• **WHAT THE TASK ASKS**: Find "新澳门天天免费精准大全谜语随2025新奥天天开好彩新奥好彩免费" below and begin at its line; stop after the line with "첨단의료복합단지 유치 총력…19개 기관 협력 다짐". Output those lines exactly, without pictures.

• **RECORDS SHOWN**:
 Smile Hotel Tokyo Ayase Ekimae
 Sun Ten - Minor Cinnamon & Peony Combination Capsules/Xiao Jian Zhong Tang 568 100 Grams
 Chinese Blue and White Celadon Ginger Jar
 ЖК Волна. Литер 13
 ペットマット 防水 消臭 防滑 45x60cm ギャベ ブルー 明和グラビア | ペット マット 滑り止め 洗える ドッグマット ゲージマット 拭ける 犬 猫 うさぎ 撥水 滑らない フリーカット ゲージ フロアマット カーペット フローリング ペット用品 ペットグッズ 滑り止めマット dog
* * *
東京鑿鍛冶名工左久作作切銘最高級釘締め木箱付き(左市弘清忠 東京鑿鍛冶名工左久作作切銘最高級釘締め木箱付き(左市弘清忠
==
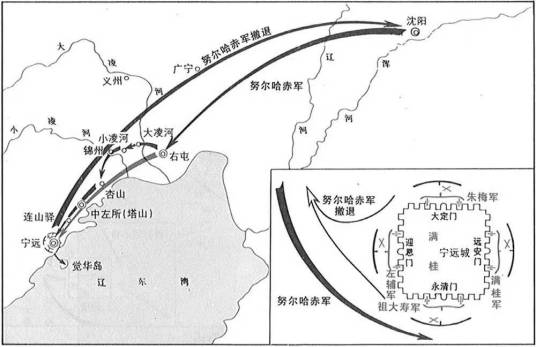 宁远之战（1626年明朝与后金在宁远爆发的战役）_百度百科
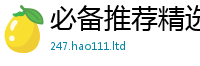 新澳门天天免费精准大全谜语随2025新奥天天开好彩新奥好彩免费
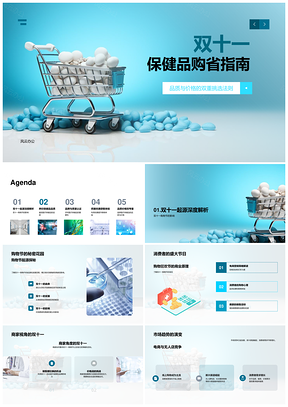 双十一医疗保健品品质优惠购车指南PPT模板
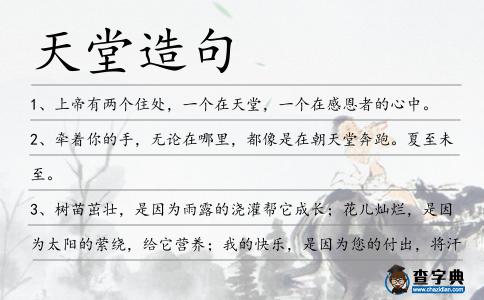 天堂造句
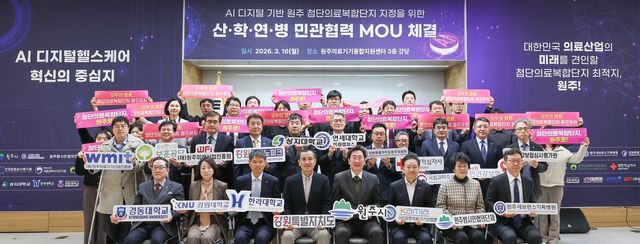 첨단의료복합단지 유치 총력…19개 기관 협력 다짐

• **OUTPUT OF THE TASK**:
 新澳门天天免费精准大全谜语随2025新奥天天开好彩新奥好彩免费
 双十一医疗保健品品质优惠购车指南PPT模板
 天堂造句
 첨단의료복합단지 유치 총력…19개 기관 협력 다짐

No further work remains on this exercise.